DETROIT (WXYZ) - If history is a guide it will be years before we get a final answer on what caused Wednesday's devastating blast in Royal Oak.
It was more than two years ago that a furniture store in Wayne was leveled by an explosion and the Michigan Public Service Commission still has not issued its report on what caused it.
But 7 Action News Investigator Scott Lewis tracked down someone who says he knows what caused the furniture store to explode, and it didn't take him long to figure it out.
He's the fire marshal in Wayne. He says based on his years of experience he believes the deadly furniture store explosion was caused by natural gas and he's figured out exactly how it happened. But he doesn't have the final say.
It was another horrific explosion that dominated the TV airways for days. In December of 2010, Franks Furniture in Wayne was rocked by a blast that left two people dead and the store owner seriously burned.
That was more than two years ago, and we are still waiting for the Public Service Commission to give us their final word on what caused the blast.
But Wayne Fire Marshal John Adams says he knows what caused it, and it only took him a few days to reach his conclusion. Once he determined there was nothing inside the building to cause such a violent explosion, it pointed to only one thing.
"Now it really steered itself to natural gas as being the only reasonable explanation for such an explosion to occur," said Adams.
And before long, Adams also knew how the gas explosion happened.
Adams told 7 Action news there was a fence installed on the property. He says when they put the posts in the ground the downward pressure separated a natural gas line. And right next to that high pressure line was a 40 year old sewer pipe.

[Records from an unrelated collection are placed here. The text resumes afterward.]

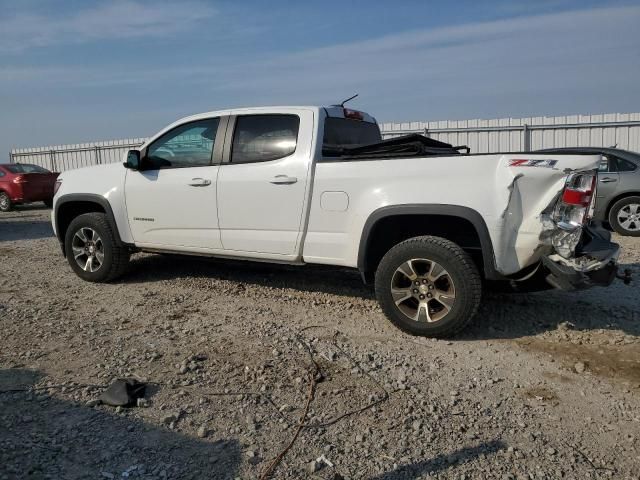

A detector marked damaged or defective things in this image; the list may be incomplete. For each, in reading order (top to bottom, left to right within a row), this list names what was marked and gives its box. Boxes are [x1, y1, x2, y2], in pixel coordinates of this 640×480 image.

damaged rear bumper [540, 224, 620, 290]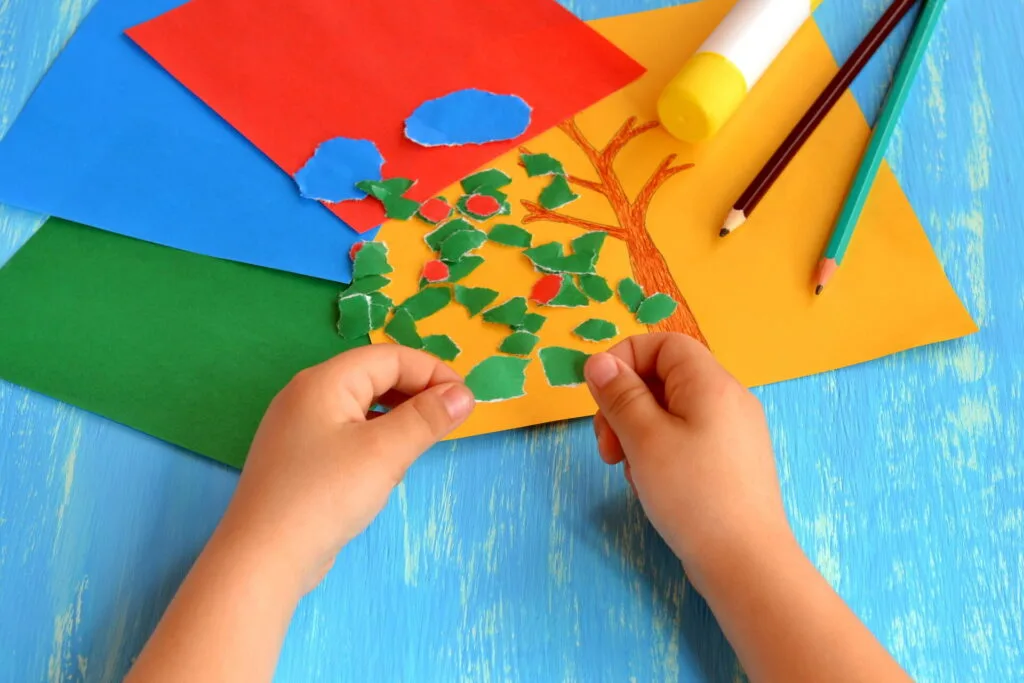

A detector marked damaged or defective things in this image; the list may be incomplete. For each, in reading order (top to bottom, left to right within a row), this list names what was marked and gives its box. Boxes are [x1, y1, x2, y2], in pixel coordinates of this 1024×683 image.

blue torn paper shape [0, 0, 372, 282]
blue torn paper shape [296, 137, 385, 202]
blue torn paper shape [403, 89, 532, 147]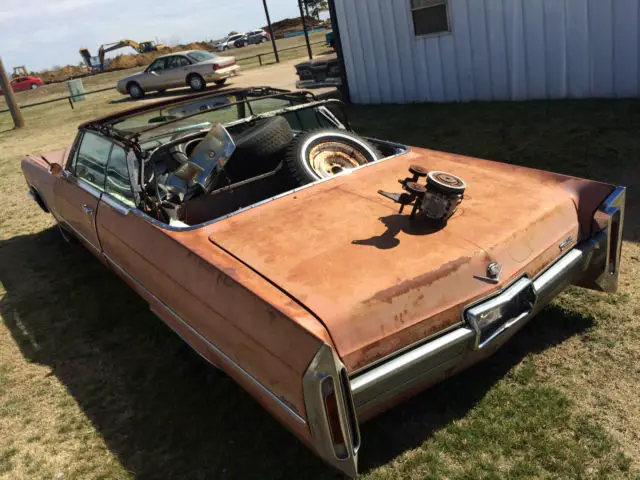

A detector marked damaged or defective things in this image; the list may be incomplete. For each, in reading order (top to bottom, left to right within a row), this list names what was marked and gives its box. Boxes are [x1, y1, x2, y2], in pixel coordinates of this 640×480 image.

rusty cadillac convertible [21, 87, 624, 476]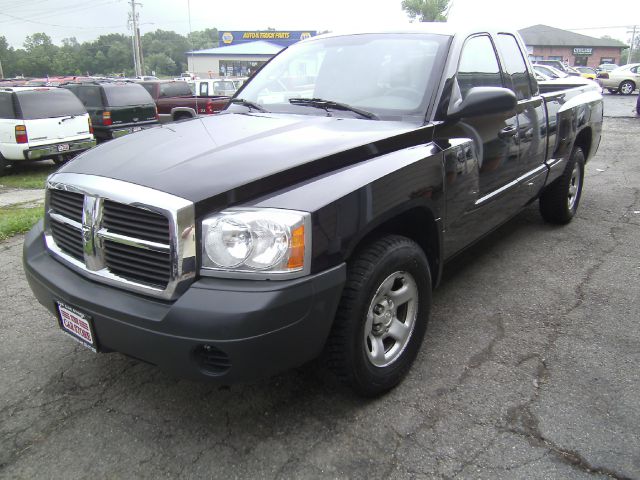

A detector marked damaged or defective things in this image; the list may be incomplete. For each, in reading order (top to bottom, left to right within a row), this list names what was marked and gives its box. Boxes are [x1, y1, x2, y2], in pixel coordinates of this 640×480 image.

cracked asphalt [0, 95, 636, 478]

"Now you have that gas which is flowing excessively, at that point it has to go somewhere. And it typically will take the path of least resistance," Adams said.
Adams determined that the path of least resistance in this case was the sewer line which filled the building with explosive natural gas. Because gas is lighter than air, it rose to the top of the store and filled the building. The heating and cooling system was located on the roof.
"As it kicked on, because it was in the winter, it was December 29, 2010 it ignited the product and hence the explosion that we had," said Adams.
When they manufacture natural gas they put a chemical in it that smells like rotten eggs so if there's a leak you'll smell it and you can get to safety. So why didn't that happen with this furniture store in Wayne?
Adams has an explanation.
"Under unique conditions in this where it was forced into the ground, and the ground acts as a scrubber, separating that additive that was applied to the natural gas ."
But if the fire marshal figured out what caused this in a few days, why are we still waiting for the Public Service Commission's final word on the cause two years later? Adams says when lawsuits are filed, as they were in this case, the utility is not going to go with the Fire Marshall's conclusion.
"So they don't always take that as factual opinion. They'll seek other experts to support their particular opinion on the incident," said Adams.
Attorney Jules Olsman represented store owner Paul Franks who was badly burned. Consumers Energy settled out of court, even though they never conceded that natural gas was the cause of the blast.
"They may not be saying we're responsible, but they're there to say we're not here to argue whether we're responsible we're here to deal fairly with the people, and they do. "
Olsman says he thinks we are likely to see more of these deadly explosions because our utility infrastructure is so old. He says people worry about the interplay between the utilities and the government agencies that investigate and veracity of their reports. For that reason, he says, these investigation should be more open to the public.
By the way, Consumers Energy issued their own report one year after the furniture store exploded listing three possible causes for the blast. One of them was natural gas.